**Problem statement**
The line containing "[2 Pack] 32" marks the end; write out exactly every line from the start of the data up to and including it, without the pictures.

**Data**
•••

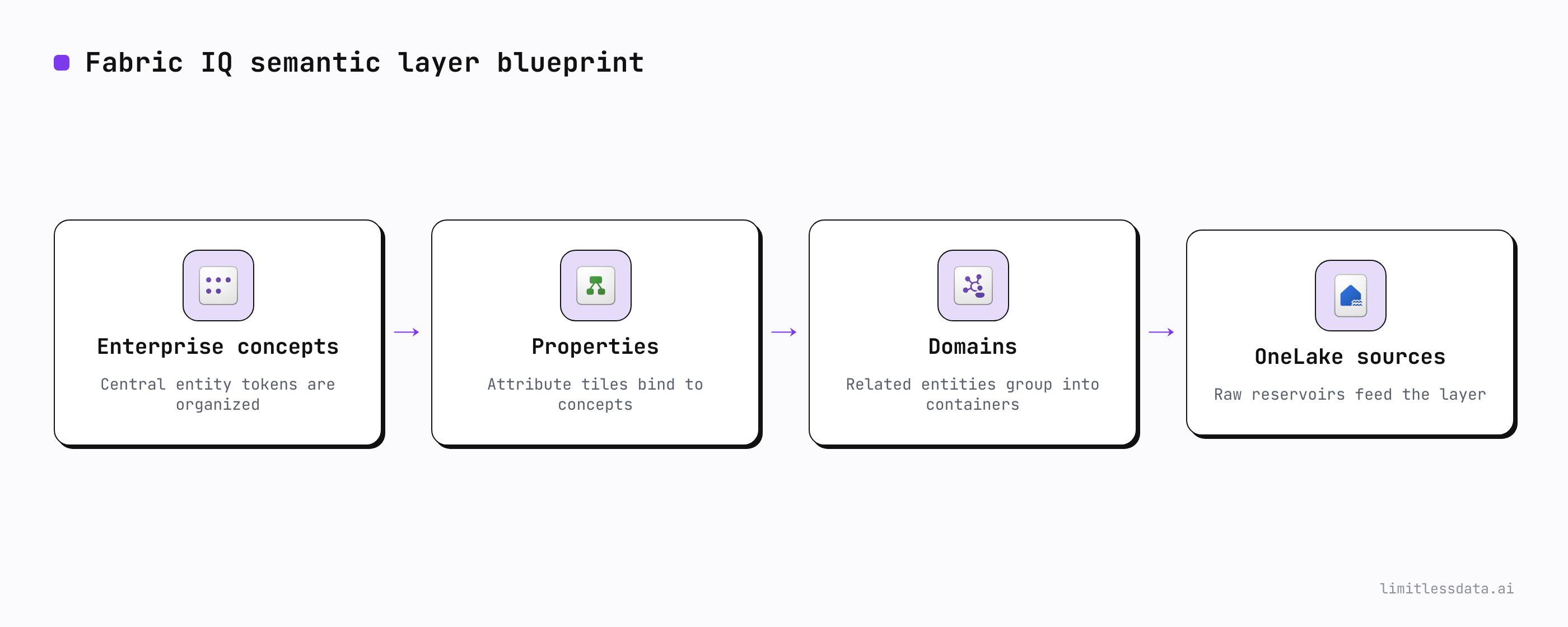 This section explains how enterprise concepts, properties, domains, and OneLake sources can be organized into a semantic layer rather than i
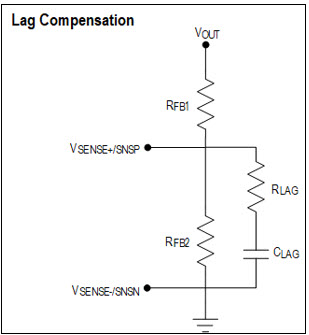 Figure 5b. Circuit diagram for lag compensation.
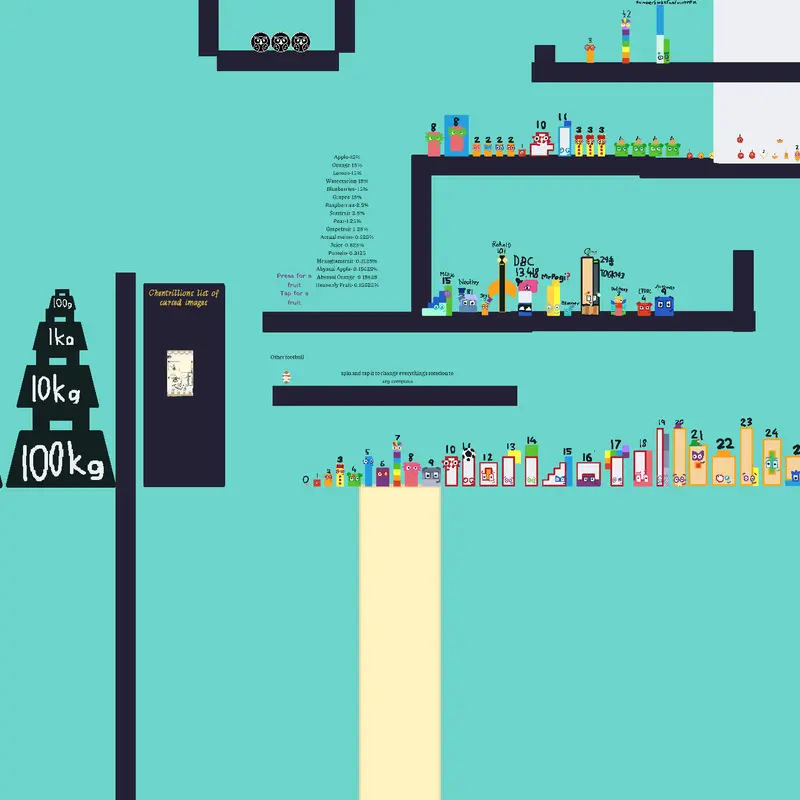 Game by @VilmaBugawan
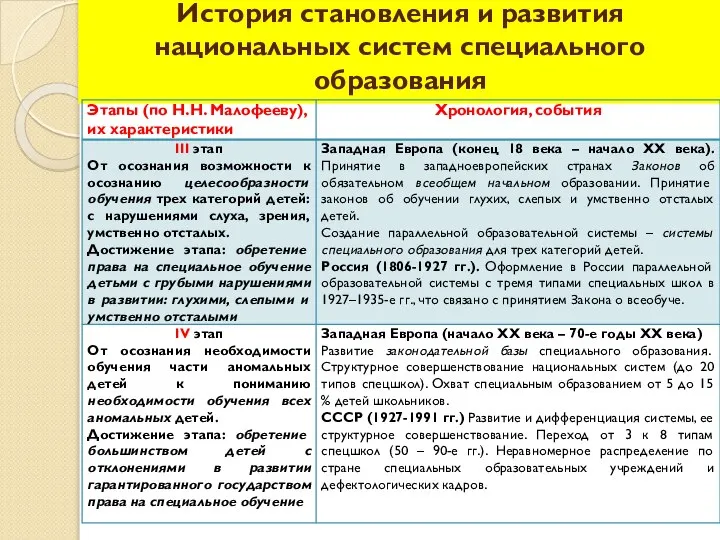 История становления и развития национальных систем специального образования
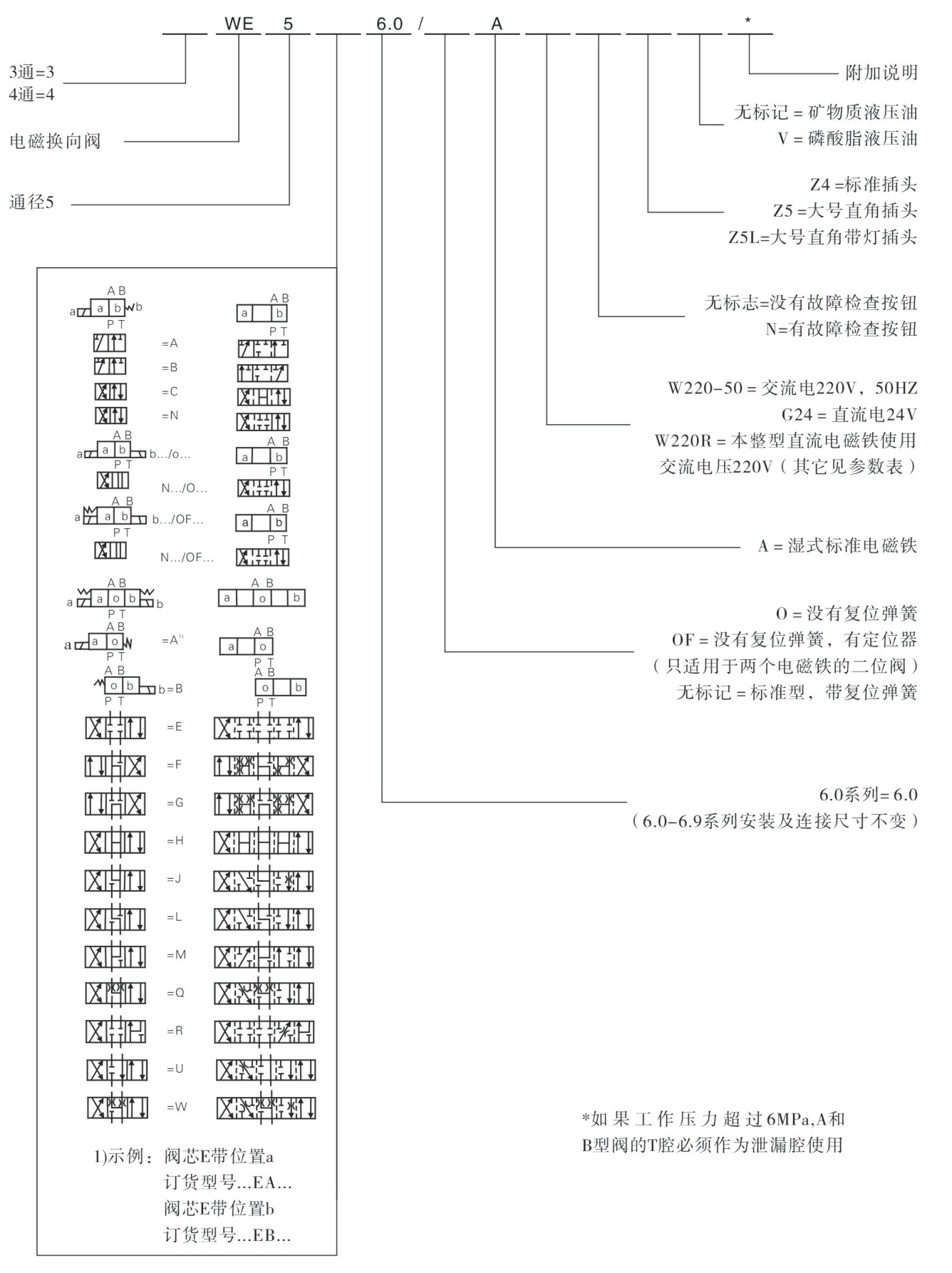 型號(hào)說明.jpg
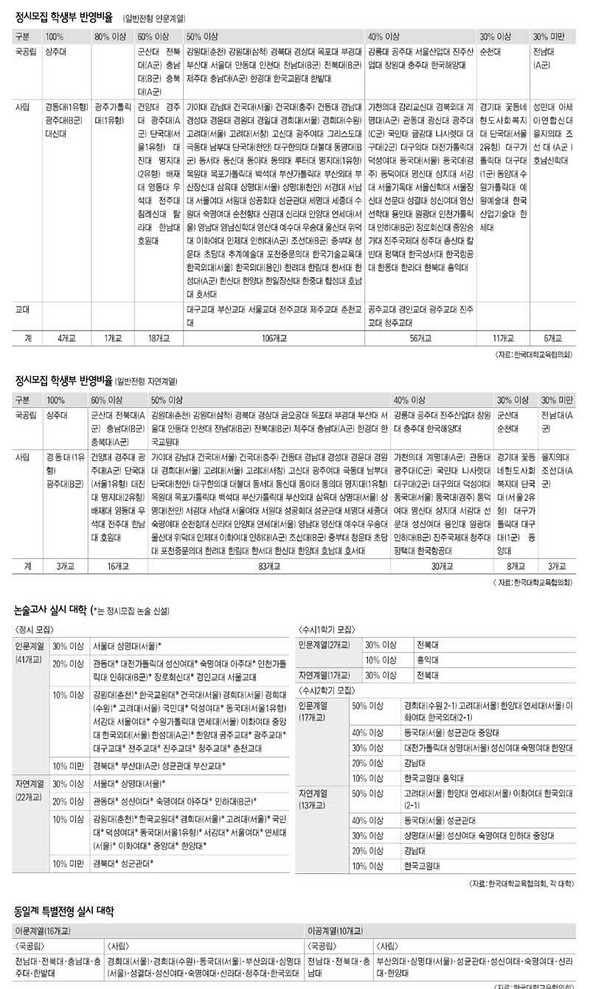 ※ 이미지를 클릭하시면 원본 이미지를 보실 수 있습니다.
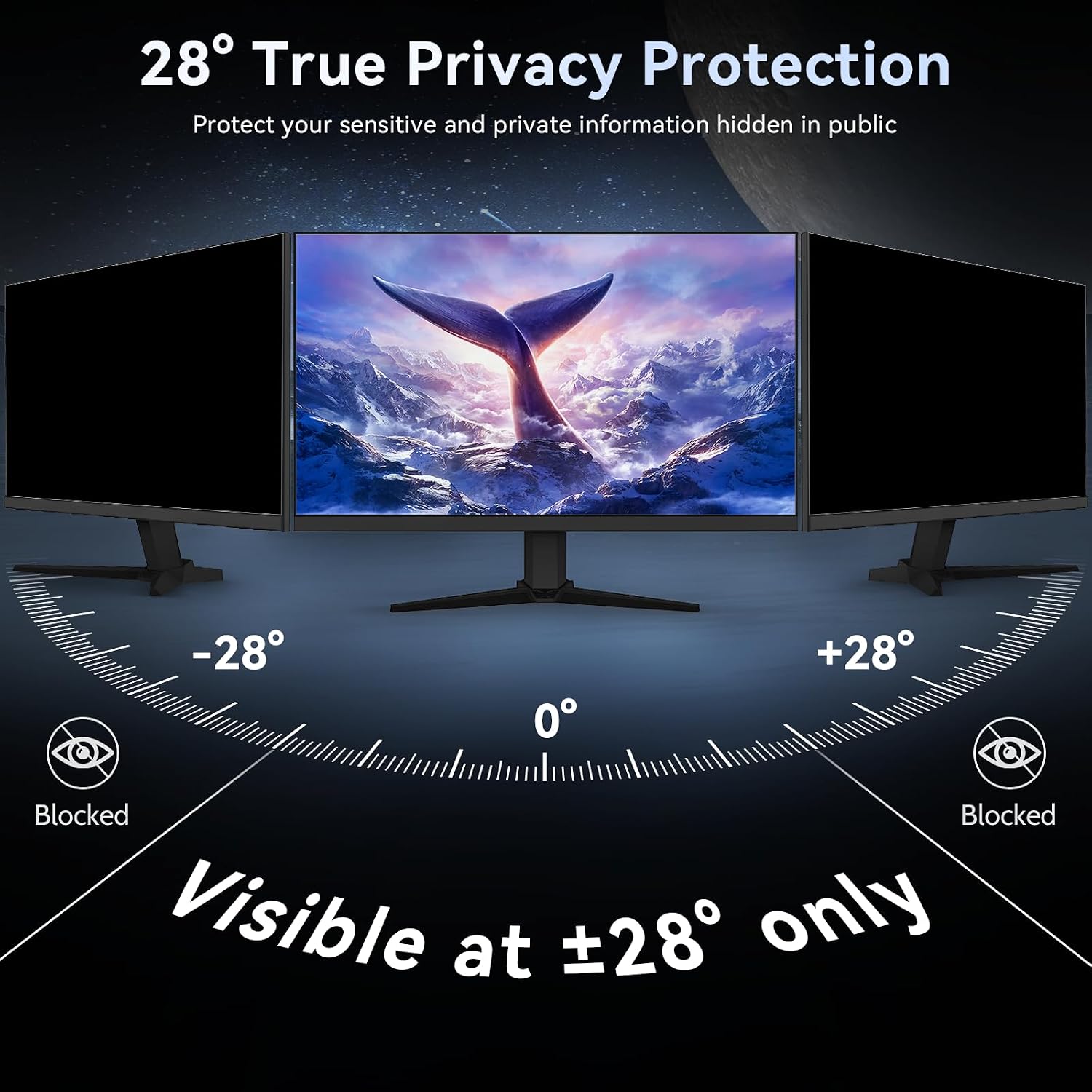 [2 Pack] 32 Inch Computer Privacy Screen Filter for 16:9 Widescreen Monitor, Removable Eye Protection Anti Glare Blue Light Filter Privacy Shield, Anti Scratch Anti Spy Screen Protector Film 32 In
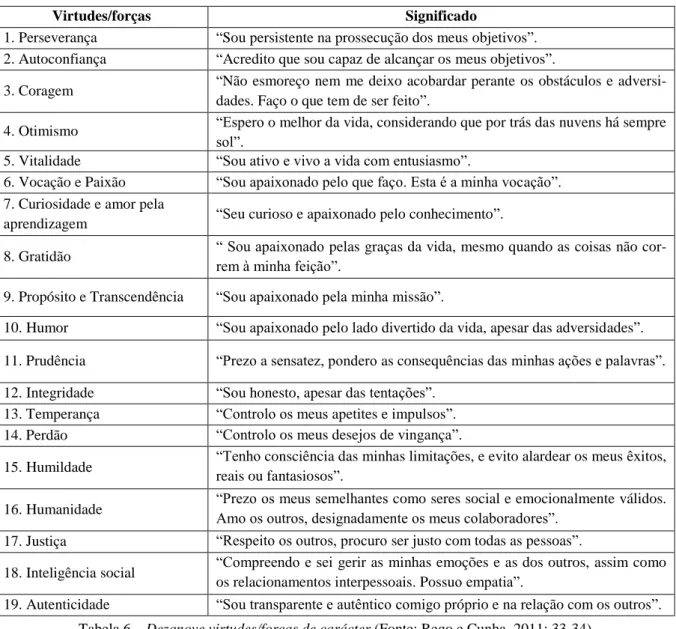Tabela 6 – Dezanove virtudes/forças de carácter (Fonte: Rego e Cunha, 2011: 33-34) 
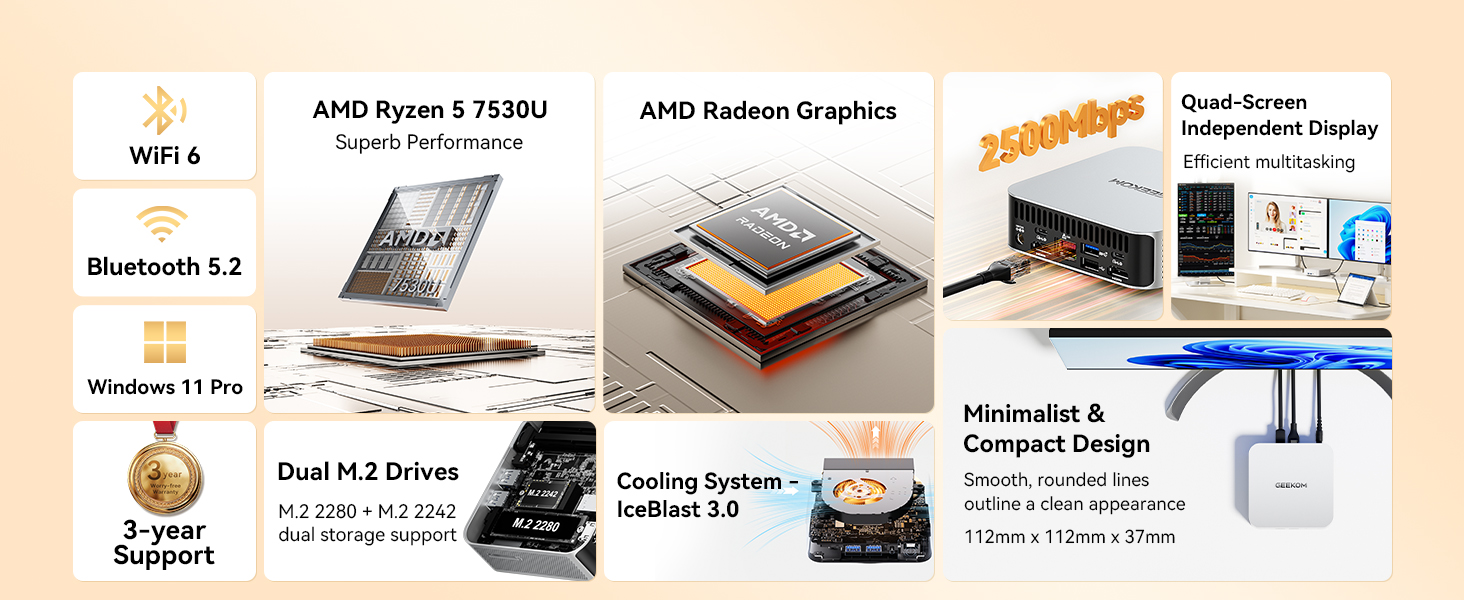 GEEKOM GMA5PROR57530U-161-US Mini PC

•••

**Result below**
 This section explains how enterprise concepts, properties, domains, and OneLake sources can be organized into a semantic layer rather than i
 Figure 5b. Circuit diagram for lag compensation.
 Game by @VilmaBugawan
 История становления и развития национальных систем специального образования
 型號(hào)說明.jpg
 ※ 이미지를 클릭하시면 원본 이미지를 보실 수 있습니다.
 [2 Pack] 32 Inch Computer Privacy Screen Filter for 16:9 Widescreen Monitor, Removable Eye Protection Anti Glare Blue Light Filter Privacy Shield, Anti Scratch Anti Spy Screen Protector Film 32 In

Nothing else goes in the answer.